**Dataset excerpt**:
>>>

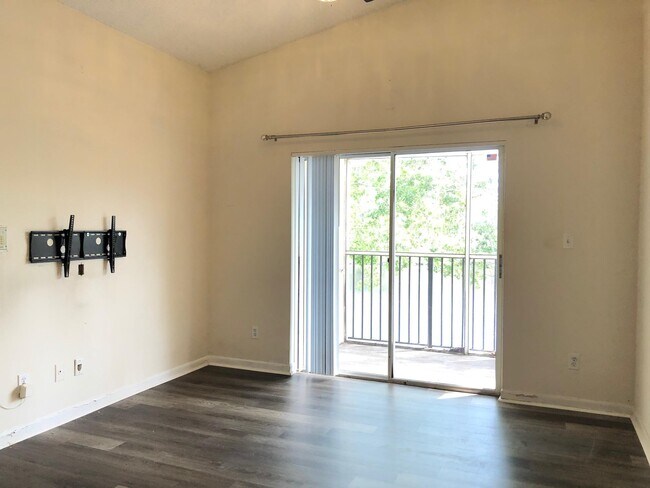 Building Photo - 720 Cypress Ln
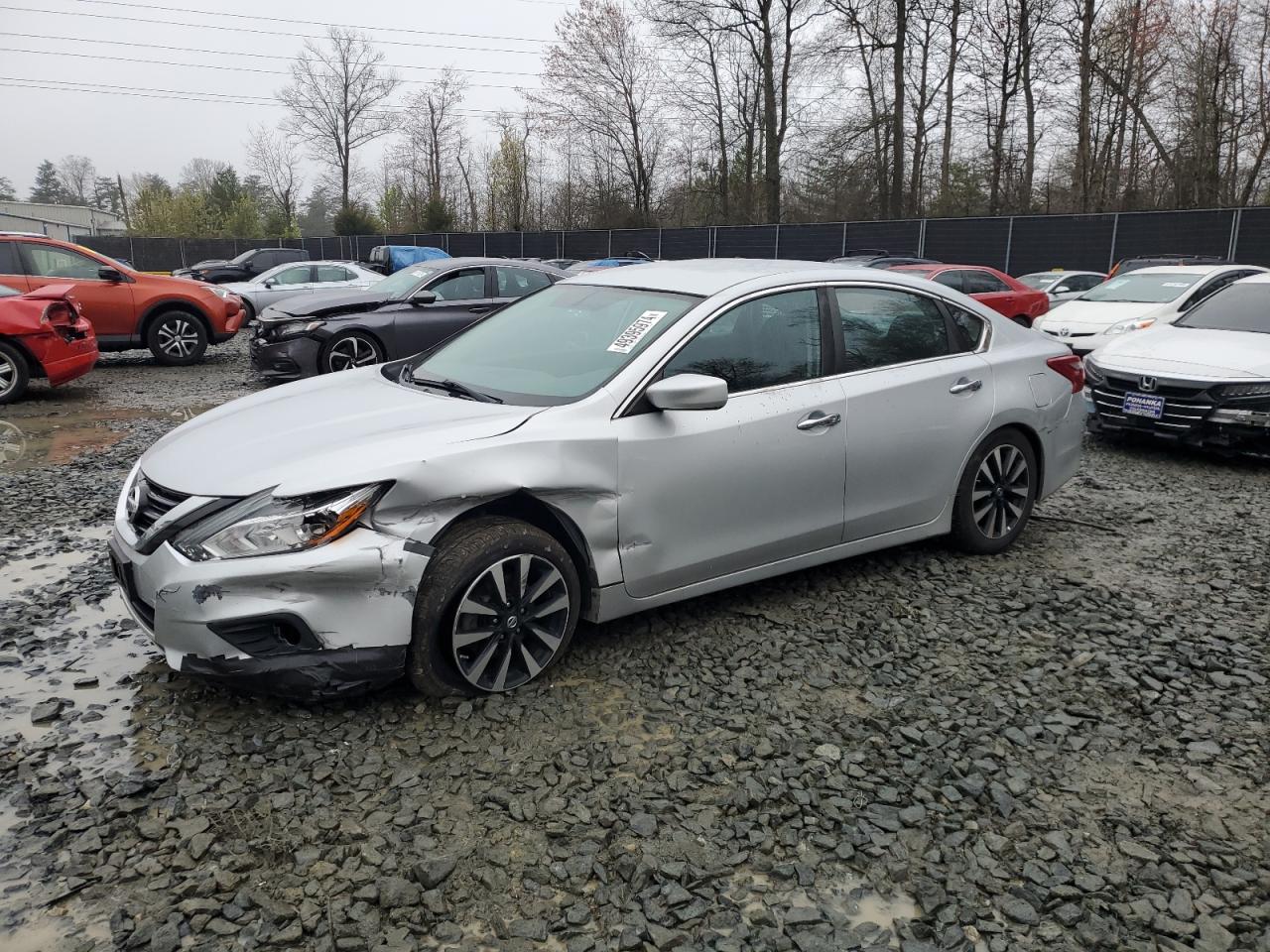 1N4AL3AP3JC165717 NISSAN ALTIMA 2018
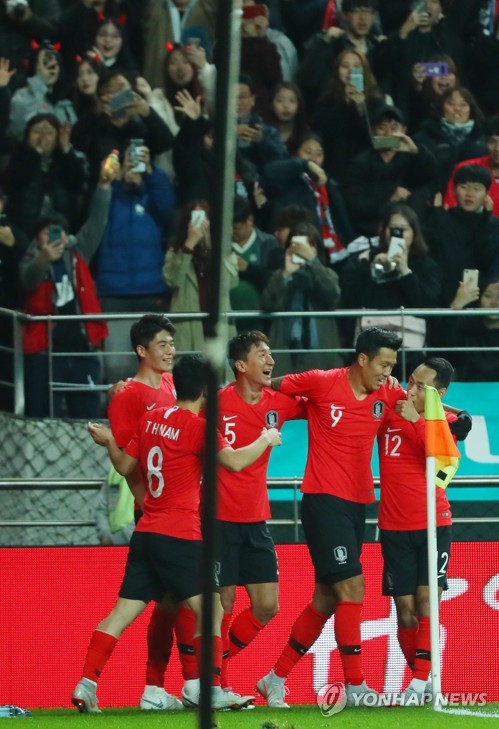 기뻐하는 정우영과 동료들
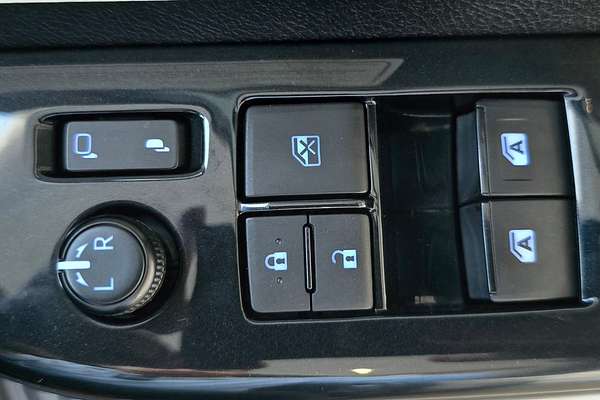 2021 Toyota Hilux SR5 GUN126R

<<<

**Exercise directions**: From the line that holds "1N4AL3AP3JC165717 NISSAN ALTIMA 2018" to the last line of the data, return those lines exactly and nothing else; both ends count, and pictures stay out.

**Expected answer**:
 1N4AL3AP3JC165717 NISSAN ALTIMA 2018
 기뻐하는 정우영과 동료들
 2021 Toyota Hilux SR5 GUN126R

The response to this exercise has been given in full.